Van Dijk pudo pedir el cambio. Eligió no hacerlo. Prefirió aguantar con dolor y liderazgo, asumiendo el riesgo de quedar expuesto. Esa decisión, que hoy alimenta las críticas, también habla de compromiso y de la carga que supone llevar el brazalete de una selección que no perdona los tropiezos.
Un legado bajo examen
El capitán lleva más de una década instalado en la élite europea. Ha levantado títulos, ha sido referencia en Liverpool y bandera de una defensa que devolvió competitividad a Países Bajos tras años de dudas. Una noche aciaga no borra todo eso, pero sí reabre un debate que en el país nunca termina: qué debe ser un líder de la Oranje y cuánto margen se le concede cuando falla.
Las grandes figuras siempre pagan un peaje extra. El capitán carga con la eliminación, con la decepción popular y ahora también con la etiqueta de “culpable” que algunos intentan fijar en su espalda. Driessen ha puesto palabras a un sentimiento de rabia que atraviesa a parte de la afición, pero está por ver si su veredicto extremo representa al conjunto del fútbol neerlandés o solo a su sector más impaciente.

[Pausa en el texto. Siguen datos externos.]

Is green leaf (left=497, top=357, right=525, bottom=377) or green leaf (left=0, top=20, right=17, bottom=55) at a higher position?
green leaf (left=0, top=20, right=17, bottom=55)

Lo que viene ahora será decisivo. Tras un Mundial emocionalmente devastador, Van Dijk afronta un periodo en el que el descanso y la recuperación serán tan importantes como cualquier sesión táctica. Necesita limpiar la cabeza, recuperar la pierna y volver a su club con la frescura que le hizo dominante.
En paralelo, la federación tendrá que dibujar el nuevo ciclo de la selección, con preguntas inevitables: qué sistema, qué jerarquías, qué papel para un capitán al que algunos ya quieren jubilar. La respuesta no llegará en una rueda de prensa ni en una columna. Llegará cuando Van Dijk vuelva a vestirse de naranja y el balón, otra vez, dicte sentencia.